Rust Pages is a way to generate a static website with Rust. It allows you to structure your data using Rust’s type system. Then write a view function that converts into static HTML. The goal is to create a system that will allow you to write static websites using Rust and leveraging Rust’s type system and compile checker to to build static sites that follow rules that you define by deciding how your data is structured.
It is inspired by the Elm Pages Project by Dillon Kearns. It is also inspired by the Iced.rs project, which was in turn inspired by Elm. As much as possible I will try to keep the syntax for building pages the same as with Iced.rs so that there is a single consistent, elegant way to build both applications and static websites in Rust (which means less learning).

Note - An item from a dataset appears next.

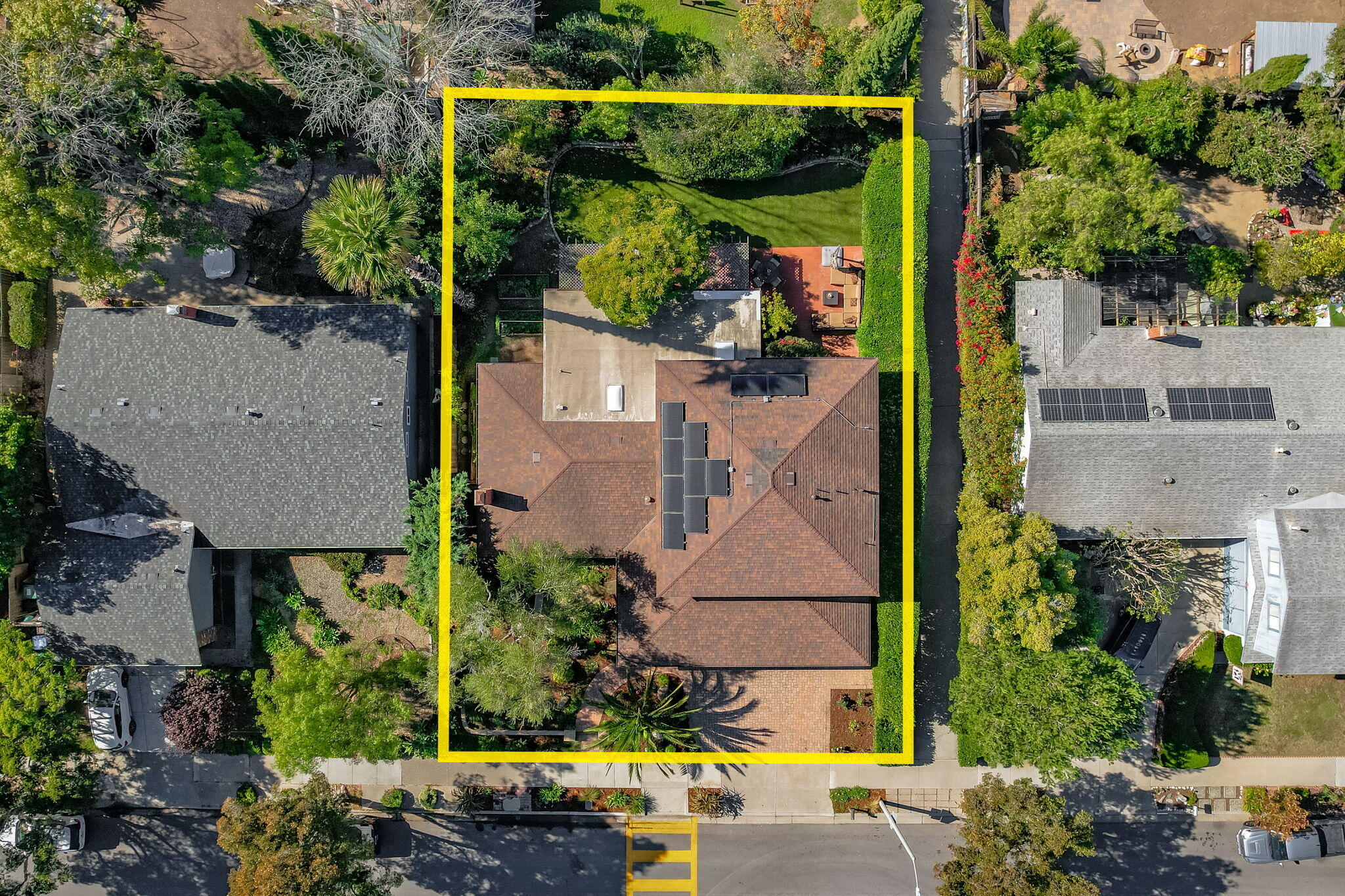 Goleta, California 93117, United States, 5 Bedrooms Bedrooms, ,3 BathroomsBathrooms,Residential,Active,243546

The following is an example that might look a little like the books pages on my website
You could start with the custom type Book:
struct Book {
title: String,
author: String,
isbn: i32,
description: String,
cover_image_url: String
}
You want to build a web page that lists all your favourite books. Your data model is a list of books.
struct Model {
books: Vec<Book>
}
You could grab data from Goodreads, Google Books or another API or database and parse them into this model.
You would then be able to write a view that takes in you model and generates the HTML.
fn view(model: Model) -> Element {
column()
.push(row().push(heading("My Favourite Books")))
.push(row().push(view_books(&model.books)))
}
fn view_books(books: &Vec<Book>) -> Element {
books
.iter()
.fold(column(), |output, book| output.push(view_book(book)))
}
fn view_book(book: &Book) -> Element {
column()
.push(row().push(heading(&book.title)))
.push(row().push(subheading(&book.author)))
.push(
row()
.push(column().push(image(&book.cover_image_url)))
.push(column().push(text(&book.description))),
)
}
The example here would only generate a single page.
The full scope of the idea would be to generate a full fledged static site with shared elements between pages (header, footer, title, navigation etc), styling (as an external stylesheet), routes (different html pages generated according to a defined routes type).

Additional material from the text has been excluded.